リーマンショック後から、30代前後の親世代が経済的にかなり厳しい状況にあり、
絵本を購入するのではなく、図書館で借りるようになりました。
そのため、
絵本がなかなか売れなくなり、初版の発行数が少なかったり、年度ごとに絶版になる本が増えてきました。
この状況を見て、どこかにブレイクスルーできるものはないものかと思ったのです。

電子出版の可能性を噂では聞いていましたが、最初はハードルが高いと思っていました。
それでも、絵本を電子出版できるようなビジュアルに強いシステムと出会ったことにより、参入を決定。
売れた分だけ配分するという形で協力してくれた作家さんもおり、事業をスタートすることが出来ました。
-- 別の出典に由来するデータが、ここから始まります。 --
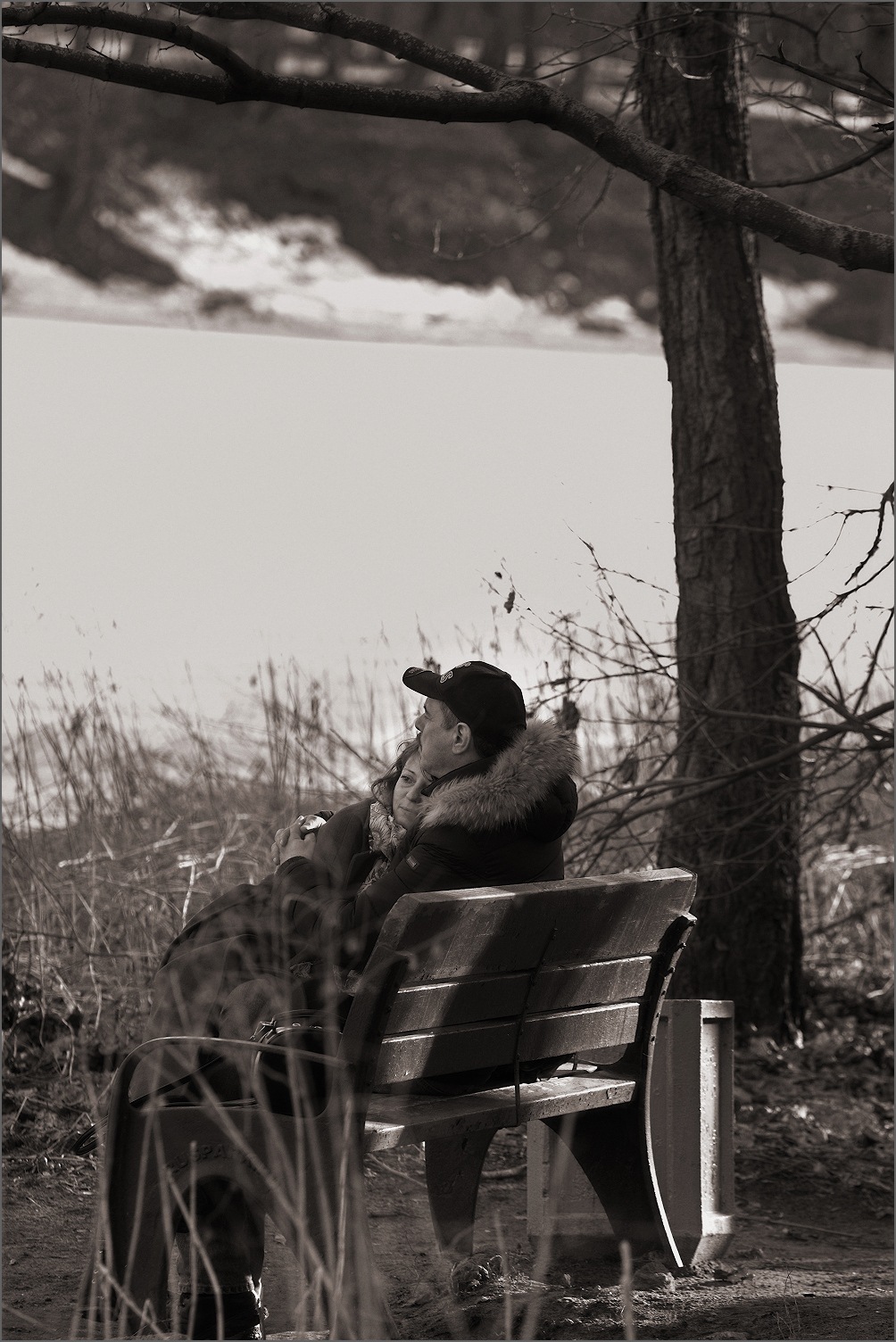 Two in a park in Moscow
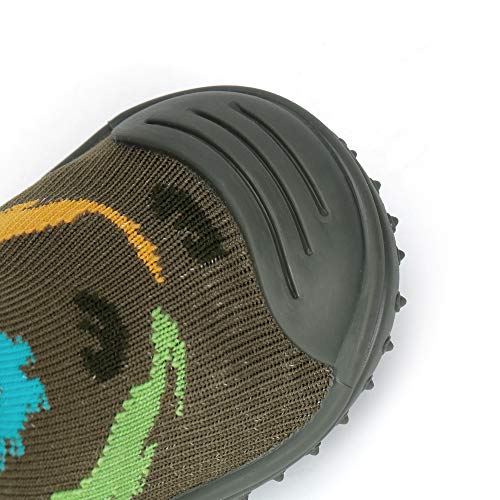 image for iEndyCn Baby Socks with Rubber Soles Children Non-slip Breathable Todd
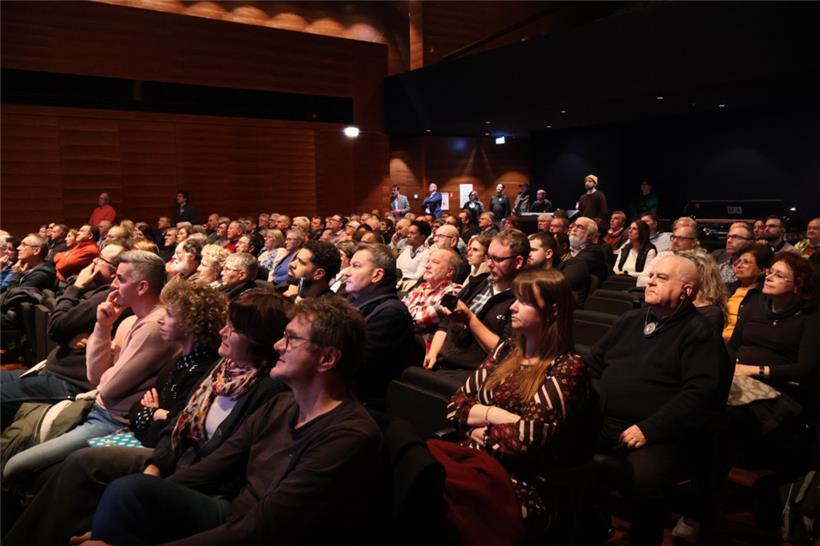 Full House beim Info-Abend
現在の電子書籍には、読み聞かせ音声機能を付けています。
それは、今の親たちが、子どもの子守りをしてくれるものを求めていることに気付いたから。
同時に、英語教材を扱った経験から、「英語版も作ったら面白いのではないか」という案も浮かび、
実際にその機能を搭載。
電子書籍だからできることと、これまでの経験がうまく合ったことにより、
バイリンガルな電子絵本が完成しました。

日本の絵本を世界へ

現在、電子書籍の絵本は、海外の作品が18、日本の作品が12の計30作品あります。
半年後までには、50作品を目指しています。

これまでは、皆さんが知っているような物語を電子書籍化してベースを作ってきました。
今後は、オリジナルの作品も作っていくつもりですが、
まずはそのためのセールスの方法を考えなければいけないと思っています。
また、現在は日本語と英語の2言語での展開ですが、他の言語でも通用すると考えています。
まさに、これからが面白い事業なのです。

日本の絵本作家さんのクオリティーは、世界最高レベルです。
そのクオリティーを世界に発信するためにも、まずは当社の電子書籍事業をさらに成長させる必要があります。
そして、いつか世界進出をしてビルを建てるくらいになりたい。
そのような想いを持っています。

面白がる能力

我々の会社では、「面白がる能力」がある人を求めています。

これからは、「問題を型通りに解く能力」は評価されない時代が来ます。
そんなことはコンピューターがやってくれたり、インターネットで検索すると答えが出てくるからです。

自分にしかできない、新しいアイディアをどれだけ出せるかが重要。
そのためには、自分が本当に面白いと思ったことに突っ込んでいける性格の方が得です。
人と話をするときも、面白がって意見を出し合った方がアイディアが広がります。
周りの刺激を吸収できるかどうかは、「面白がる能力」にかかっているのです。

学生のうちに未知の世界に触れる

私は、学生のうちに価値観がガラッと変わるような経験をしておいた方が、後々強いのではないかと思います。

私の場合は、学生時代にアフリカの取材に同行した際、
「日本って本当に何でもできる環境なんだな」と感じたことが、挑戦の原点と言えます。
何も特別なことではなく、日本から少し出てみたり、友達以外の社会に入ってみたり、異文化と交流してみたり。
そのような経験は、必ず自分の財産となります。

また最近は、就職活動で使うという理由から、facebookに本音を書けないというような話も聞きます。
せっかくチャンスがたくさん広がっている国にいるのだから、
他人の目を気にしないで、やりたいことをやっていいのではないでしょうか。
あまり人の顔色を伺うことをせず、「出る杭」になったほうがいいのではないかと思います。